Pour ceux qui ne sont pas familiers avec le « German Wunderkind », Christophe Bauss a.k.a Shuko est un des plus importants producteurs de rap en Allemagne. Dès le début des années 2000, alors qu’il a déjà produit et rencontré le succès outre-rhin avec  divers rappeurs allemands, il se fait remarquer en plaçant quelques premières prods pour les emcees américains Bubba Sparxxx, Nappy Roots et certains membres du Dipset.

Par la suite, il continuera à produire pour plusieurs grands noms du rap US comme R.A. The Rugged Man, Talib Kweli et même le grand Rakim. En parallèle, Shuko commence à se faire un nom sur la scène beatmaking avec trois albums d’instrumentaux signés sur le très bon label Jakarta Records.

En 2015, il sort For the Love of  It, une sorte d’album consécration sur lequel il invite les artistes avec lesquels il a, semble-t-il, le plus apprécié travailler tout au long de sa carrière: Talib Kweli, CL Smooth, 20Syl (lire notre interview « 20Syl, des projets plein la MPC« ) ou encore le rappeur californien Blu. Malgré un aspect compilation, l’album est assurément un succès et contient un nombre impressionnant de tubes en puissance; ce qui nous a donné envie de poser quelques questions à l’intéressé.

The BackPackerz : Peux-tu commencer simplement par te présenter à ceux qui ne te connaitraient pas encore ?

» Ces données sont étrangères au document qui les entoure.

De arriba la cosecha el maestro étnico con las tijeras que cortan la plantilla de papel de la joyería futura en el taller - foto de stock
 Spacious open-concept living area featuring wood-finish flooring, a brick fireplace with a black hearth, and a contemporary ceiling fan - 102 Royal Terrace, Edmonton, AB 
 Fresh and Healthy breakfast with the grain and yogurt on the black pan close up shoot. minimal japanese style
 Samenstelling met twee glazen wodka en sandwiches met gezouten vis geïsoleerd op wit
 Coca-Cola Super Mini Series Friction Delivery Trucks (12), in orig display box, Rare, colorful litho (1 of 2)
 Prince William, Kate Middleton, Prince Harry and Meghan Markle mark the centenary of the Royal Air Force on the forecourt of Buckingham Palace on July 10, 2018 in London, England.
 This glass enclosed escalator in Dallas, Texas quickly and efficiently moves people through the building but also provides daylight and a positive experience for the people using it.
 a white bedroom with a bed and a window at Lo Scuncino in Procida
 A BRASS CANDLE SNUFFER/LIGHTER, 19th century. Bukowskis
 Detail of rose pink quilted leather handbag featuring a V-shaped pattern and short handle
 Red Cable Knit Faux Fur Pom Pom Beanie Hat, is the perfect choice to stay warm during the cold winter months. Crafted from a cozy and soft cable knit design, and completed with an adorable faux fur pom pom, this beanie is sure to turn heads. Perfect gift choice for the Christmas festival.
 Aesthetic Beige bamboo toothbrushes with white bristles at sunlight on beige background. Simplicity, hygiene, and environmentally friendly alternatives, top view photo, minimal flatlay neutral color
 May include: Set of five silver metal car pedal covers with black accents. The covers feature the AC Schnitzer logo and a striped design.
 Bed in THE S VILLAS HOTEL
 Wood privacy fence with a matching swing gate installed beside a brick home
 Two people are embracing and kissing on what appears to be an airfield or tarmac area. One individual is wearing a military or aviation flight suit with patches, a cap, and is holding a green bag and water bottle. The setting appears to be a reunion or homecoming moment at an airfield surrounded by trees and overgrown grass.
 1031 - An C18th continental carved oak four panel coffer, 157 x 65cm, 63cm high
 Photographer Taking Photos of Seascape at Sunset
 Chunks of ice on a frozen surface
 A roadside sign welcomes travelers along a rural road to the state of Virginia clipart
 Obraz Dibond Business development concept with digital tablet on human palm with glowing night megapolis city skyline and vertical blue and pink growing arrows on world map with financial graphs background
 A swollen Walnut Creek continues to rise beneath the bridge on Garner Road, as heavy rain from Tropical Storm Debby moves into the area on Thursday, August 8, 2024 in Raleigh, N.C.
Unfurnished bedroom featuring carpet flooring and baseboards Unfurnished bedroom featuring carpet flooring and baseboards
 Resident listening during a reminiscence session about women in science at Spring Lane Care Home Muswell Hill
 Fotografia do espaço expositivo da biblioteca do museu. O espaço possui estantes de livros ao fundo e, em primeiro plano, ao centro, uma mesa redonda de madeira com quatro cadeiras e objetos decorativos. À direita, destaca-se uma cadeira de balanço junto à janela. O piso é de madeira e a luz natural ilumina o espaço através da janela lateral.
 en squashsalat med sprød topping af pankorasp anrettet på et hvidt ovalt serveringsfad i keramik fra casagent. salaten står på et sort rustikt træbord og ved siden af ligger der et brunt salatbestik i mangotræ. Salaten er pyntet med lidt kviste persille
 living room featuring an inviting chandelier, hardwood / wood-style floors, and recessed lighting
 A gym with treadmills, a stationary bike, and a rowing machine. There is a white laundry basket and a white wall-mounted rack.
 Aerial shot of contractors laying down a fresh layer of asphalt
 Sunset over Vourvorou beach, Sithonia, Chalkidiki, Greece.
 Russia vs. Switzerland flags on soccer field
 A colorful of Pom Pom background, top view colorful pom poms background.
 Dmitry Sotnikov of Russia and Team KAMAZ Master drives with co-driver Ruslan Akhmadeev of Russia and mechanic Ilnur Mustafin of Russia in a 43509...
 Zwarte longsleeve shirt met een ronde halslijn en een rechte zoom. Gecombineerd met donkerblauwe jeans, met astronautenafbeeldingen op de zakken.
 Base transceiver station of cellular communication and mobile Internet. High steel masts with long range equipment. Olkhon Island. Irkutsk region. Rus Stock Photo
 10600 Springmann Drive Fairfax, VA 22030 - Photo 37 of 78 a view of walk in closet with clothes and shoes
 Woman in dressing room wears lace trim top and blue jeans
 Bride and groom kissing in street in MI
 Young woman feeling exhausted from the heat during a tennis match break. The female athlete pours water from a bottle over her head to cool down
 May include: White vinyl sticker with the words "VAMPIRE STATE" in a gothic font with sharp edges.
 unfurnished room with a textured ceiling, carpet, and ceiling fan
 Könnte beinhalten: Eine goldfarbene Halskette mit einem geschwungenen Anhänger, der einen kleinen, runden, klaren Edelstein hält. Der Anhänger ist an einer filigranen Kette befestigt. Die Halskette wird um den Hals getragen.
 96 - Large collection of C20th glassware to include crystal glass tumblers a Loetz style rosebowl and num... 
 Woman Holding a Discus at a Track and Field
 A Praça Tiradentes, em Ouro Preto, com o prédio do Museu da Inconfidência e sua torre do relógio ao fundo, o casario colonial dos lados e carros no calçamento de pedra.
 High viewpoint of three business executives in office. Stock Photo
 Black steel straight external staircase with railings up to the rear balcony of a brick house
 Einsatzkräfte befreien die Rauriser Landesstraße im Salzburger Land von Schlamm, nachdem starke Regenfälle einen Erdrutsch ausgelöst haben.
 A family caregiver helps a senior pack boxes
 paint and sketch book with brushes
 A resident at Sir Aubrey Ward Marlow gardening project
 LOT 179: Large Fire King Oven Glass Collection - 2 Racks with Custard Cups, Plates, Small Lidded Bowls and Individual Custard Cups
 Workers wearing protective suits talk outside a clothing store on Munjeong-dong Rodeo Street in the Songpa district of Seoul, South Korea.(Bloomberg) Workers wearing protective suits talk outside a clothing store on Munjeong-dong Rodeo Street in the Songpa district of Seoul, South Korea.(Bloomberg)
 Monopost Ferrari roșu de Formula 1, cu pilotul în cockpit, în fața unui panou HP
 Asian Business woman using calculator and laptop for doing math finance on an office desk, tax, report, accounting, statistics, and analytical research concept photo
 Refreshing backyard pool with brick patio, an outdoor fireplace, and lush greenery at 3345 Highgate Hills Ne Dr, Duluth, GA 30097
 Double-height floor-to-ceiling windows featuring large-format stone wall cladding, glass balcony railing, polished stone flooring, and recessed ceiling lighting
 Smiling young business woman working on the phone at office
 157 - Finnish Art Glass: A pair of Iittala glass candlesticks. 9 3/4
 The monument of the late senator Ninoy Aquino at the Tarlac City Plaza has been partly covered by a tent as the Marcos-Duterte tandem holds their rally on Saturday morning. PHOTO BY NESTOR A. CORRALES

Shuko : Je suis un producteur originaire d’Allemagne. J’adore créer des beats, réunir des gens et sortir de la bonne musique

Quel est ton premier souvenir hip-hop ? Qu’est-ce qui t’a poussé à devenir producteur ?

Mon premier album de hip-hop a été Soul Survivor de Pete Rock, de 1998 je crois. J’écoutais tout type de musique mais cet album a tout changé, un des projets les mieux produits selon moi. plus tard, c’est le disque de Hi-Tek qui m’a amené vers des genre comme le neo-soul, le Gospel, etc.

Le nombre et la qualité des rappers pour lesquels tu as produit sont impressionnants. Quelle est ta collaboration préférée ? Comment as-tu réussi à rendre cela possible ?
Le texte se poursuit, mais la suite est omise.